The Wind City, Summer Wigmore, Steam Press, 2013

Set in present-day Wellington, New Zealand, this book is about two people who learn that the world is not what they think it is.

Saint is a destitute, loser type. On the bus, one day, he sees a very strange woman with straight white hair named Hinewai. Saint is the only one who can see her. She tells him that beings from Maori legend, that go under the general name of iwi atua, are coming to Wellington, some with violent intentions toward humans. Saint can't help but think that he is losing his mind, until his roommate (who he calls The Flatmate) turns into a large, hairy, carnivorous creature who almost makes Saint his next meal. Saint meets an ethereal being named Noah, who convinces him that the rest of the iwi atua are just mindless creatures who don't deserve to live.

Tony is a female boat owner who runs one of those see-the-dolphins tourist boats.
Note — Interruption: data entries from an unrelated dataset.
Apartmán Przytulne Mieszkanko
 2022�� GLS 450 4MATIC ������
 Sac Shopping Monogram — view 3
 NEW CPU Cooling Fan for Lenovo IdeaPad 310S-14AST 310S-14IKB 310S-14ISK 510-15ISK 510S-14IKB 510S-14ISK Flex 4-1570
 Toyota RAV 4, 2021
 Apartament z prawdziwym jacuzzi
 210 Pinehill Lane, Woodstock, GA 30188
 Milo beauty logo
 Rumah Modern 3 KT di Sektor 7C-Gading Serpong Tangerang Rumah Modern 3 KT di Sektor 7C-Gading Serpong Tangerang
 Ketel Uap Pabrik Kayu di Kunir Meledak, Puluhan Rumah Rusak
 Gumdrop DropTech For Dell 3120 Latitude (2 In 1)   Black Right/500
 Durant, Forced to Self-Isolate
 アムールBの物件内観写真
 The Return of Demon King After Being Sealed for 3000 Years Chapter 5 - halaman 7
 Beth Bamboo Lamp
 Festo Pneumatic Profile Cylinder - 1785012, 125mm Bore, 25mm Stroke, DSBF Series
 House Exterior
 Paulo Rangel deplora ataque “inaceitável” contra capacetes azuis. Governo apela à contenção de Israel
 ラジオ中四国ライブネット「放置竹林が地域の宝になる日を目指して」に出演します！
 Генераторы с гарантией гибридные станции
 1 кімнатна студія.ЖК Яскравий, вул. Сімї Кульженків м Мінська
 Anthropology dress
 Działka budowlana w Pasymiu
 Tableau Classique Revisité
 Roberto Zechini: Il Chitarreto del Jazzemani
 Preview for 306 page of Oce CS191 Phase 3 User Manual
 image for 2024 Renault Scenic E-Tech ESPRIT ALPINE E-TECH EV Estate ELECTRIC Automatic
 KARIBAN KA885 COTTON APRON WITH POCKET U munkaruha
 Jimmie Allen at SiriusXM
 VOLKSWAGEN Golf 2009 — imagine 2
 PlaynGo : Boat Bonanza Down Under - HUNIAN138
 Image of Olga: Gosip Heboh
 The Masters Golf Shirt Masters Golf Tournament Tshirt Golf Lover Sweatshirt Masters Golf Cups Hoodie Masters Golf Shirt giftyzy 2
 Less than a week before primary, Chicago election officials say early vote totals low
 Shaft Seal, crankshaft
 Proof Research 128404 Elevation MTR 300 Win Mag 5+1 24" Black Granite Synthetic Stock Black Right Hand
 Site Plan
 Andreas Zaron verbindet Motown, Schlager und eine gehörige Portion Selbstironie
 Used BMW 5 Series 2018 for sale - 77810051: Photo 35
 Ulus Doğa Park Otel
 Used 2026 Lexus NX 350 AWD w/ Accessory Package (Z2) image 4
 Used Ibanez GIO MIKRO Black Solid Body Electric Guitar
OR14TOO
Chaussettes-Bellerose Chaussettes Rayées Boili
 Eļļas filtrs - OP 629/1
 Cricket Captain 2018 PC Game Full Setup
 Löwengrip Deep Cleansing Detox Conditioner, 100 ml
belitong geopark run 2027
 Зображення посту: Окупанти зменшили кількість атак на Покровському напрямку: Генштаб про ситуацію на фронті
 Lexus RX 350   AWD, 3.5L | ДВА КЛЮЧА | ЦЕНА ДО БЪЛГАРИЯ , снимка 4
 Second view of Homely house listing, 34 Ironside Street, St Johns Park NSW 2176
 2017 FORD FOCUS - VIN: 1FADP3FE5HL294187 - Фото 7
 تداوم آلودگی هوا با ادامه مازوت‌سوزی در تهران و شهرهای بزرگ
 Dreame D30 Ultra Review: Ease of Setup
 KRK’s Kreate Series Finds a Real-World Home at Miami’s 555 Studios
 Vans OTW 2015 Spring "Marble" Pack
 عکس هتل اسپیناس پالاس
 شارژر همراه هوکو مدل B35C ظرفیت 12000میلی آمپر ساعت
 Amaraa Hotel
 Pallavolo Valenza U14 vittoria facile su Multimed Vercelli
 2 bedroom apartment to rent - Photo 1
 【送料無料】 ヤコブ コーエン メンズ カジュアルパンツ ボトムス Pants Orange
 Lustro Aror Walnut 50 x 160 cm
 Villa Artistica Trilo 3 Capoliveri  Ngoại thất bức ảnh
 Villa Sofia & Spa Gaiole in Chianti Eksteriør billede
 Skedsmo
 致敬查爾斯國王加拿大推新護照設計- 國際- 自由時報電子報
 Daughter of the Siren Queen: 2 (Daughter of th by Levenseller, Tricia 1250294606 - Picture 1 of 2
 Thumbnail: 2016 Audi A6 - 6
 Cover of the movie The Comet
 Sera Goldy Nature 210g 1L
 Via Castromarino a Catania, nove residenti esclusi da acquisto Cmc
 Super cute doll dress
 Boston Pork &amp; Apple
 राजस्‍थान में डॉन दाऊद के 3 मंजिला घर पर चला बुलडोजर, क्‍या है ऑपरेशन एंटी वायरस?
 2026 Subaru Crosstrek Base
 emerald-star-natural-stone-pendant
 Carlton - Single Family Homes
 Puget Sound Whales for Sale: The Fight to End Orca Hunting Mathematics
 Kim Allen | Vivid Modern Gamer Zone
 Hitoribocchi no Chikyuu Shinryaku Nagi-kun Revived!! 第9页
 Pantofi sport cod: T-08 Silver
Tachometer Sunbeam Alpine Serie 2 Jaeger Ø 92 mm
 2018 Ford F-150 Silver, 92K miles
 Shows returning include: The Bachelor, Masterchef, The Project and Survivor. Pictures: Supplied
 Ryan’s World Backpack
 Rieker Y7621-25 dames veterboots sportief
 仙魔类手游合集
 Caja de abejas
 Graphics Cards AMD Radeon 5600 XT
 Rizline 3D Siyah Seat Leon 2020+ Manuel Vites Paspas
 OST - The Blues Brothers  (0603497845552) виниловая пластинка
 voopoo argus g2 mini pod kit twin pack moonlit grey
One day, her boat is deliberately sunk by Hinewai, who tells Tony that she is actually a type of iwi atua, called a toniwha (a type of large lizard that can swim underwater). Tony is surprised when she actually transforms into a toniwha. Hinewai is upset because, in Maori folklore, she has only a minor role in someone else's tale, but she doesn't have her own tale. Tony figures that the first step in getting Hinewai her own tale is to take her to some of the bars and restaurants in Wellington, where she might meet her True Love. They run into Saint, who learns, to his shock, that those iwi atua that he has been killing, by the hundreds, really are intelligent beings. Many of the surviving iwi atua would like to make Saint pay for what he has done, slowly and painfully. Can Tony keep Saint alive, and prevent a war between humans and the iwi atua?

This is a gem of a story. Considering that it is the author's debut novel (she was only nineteen years old when it was published) brings it to the level of Wow. It is well-written from start to finish, and it is highly recommended.